La cagnetta, pur avendo quasi due anni, è veramente piccina, circa la metà di lui (e lui non arriva a 30 cm al garrese) ma è un peperino, gronda simpatia e sprizza energia da tutti i pori peli.
Scena:
Chico gira l'angolo e la vede; si immobilizza all'istante, alza le orecchie e la coda freme tutta.
Mimì gli corre incontro, fa una frenata mezzo metro prima di cascargli addosso e agita la coda.

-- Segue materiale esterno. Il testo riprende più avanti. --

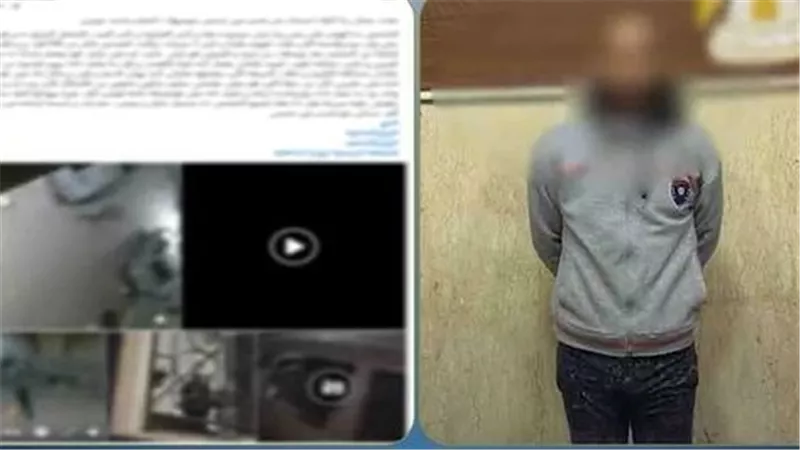 بسبب الركنة.. التحقيق مع عاطل حطم سيارة سيدة في عين شمس 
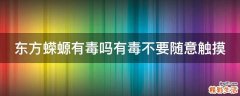 东方蝾螈有毒吗有毒不要随意触摸
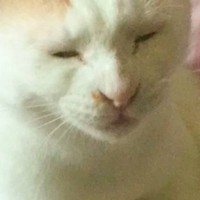 猫が自分の『お尻のニオイ』を嗅いだ結果……何とも言えない『表情』が面白すぎると249万表示「いい顔してる」「最高の顔」と反響続々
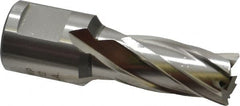 Hougen - 9/16" Diam x 1" Deep High Speed Steel Annular Cutter - Exact Tool & Supply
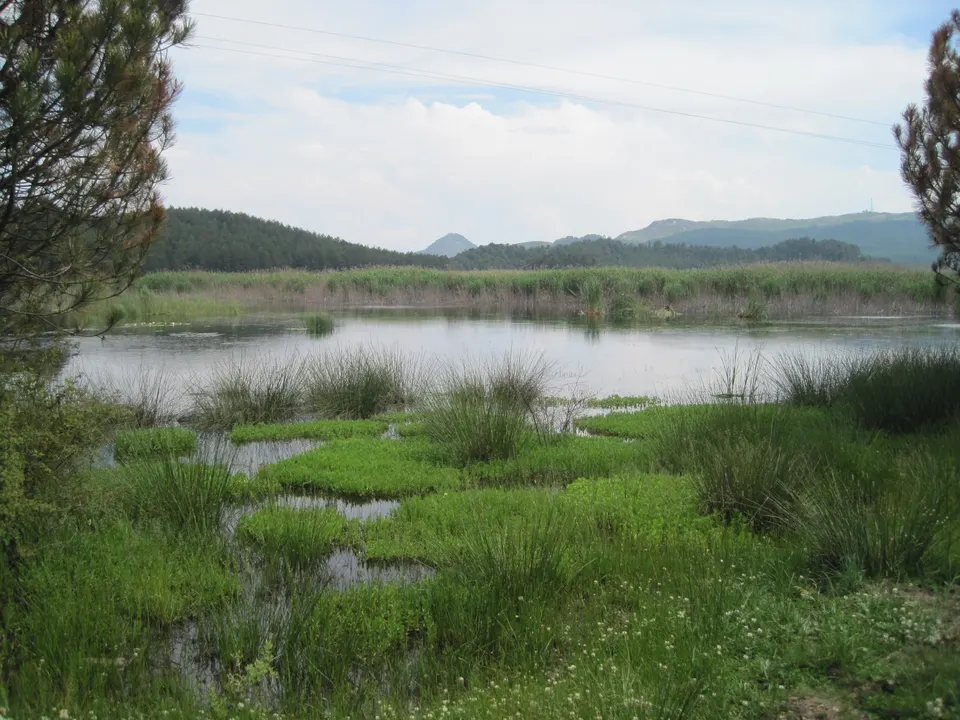 Yayla Gölü kıyısı, Buldan Yayla Gölü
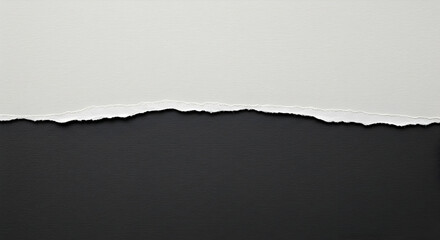 Ripped Paper Edge Dividing Black And White Creative Background Template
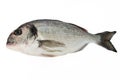 Sea bream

Chico ulula a bocca chiusa.
Mimì fa un paio di finte con il chiaro intento di invitarlo al gioco.
Chico ulula a bocca chiusa.
Mimì, perplessa, guarda la sua padrona.
Chico ulula a bocca chiusa.
Mimì riprende a fintare e poi simula una fuga.
Chico ulula a bocca chiusa.
Mimì gli si avvicina e lo annusa sul naso.
Chico ulula a bocca chiusa.
Mimì gli dà un colpetto amichevole sulle zampe, con il muso.
Chico ulula a bocca chiusa.
Mimì gli gira intorno.
Chico ulula a bocca chiusa.
Mimì gli annusa il posteriore.
Chico ululando a bocca chiusa, ricambia l'annusata.
Mimì gli saltella intorno.
Chico ululando a bocca chiusa, si accorge che il suo ammore umano è scomparso e se la fila.
Tipico comportamento maschile, sentenzia un'altra collega presente all'incontro, quando non sanno che pesci pigliare fanno un gran casino e poi scappano.